## MATERIAL PROVIDED:
********

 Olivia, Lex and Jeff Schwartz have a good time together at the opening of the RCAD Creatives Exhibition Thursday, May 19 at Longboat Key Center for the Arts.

********

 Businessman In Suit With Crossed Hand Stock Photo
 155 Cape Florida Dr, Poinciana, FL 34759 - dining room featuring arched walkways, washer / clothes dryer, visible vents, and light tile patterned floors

********

## THE TASK:
Within the listing above, locate the line containing "Businessman In Suit" and the line containing "155 Cape Florida". Reproduce those two lines and all lines between them exactly, with nothing added.

## OUTPUT FOR THIS EXERCISE:
 Businessman In Suit With Crossed Hand Stock Photo
 155 Cape Florida Dr, Poinciana, FL 34759 - dining room featuring arched walkways, washer / clothes dryer, visible vents, and light tile patterned floors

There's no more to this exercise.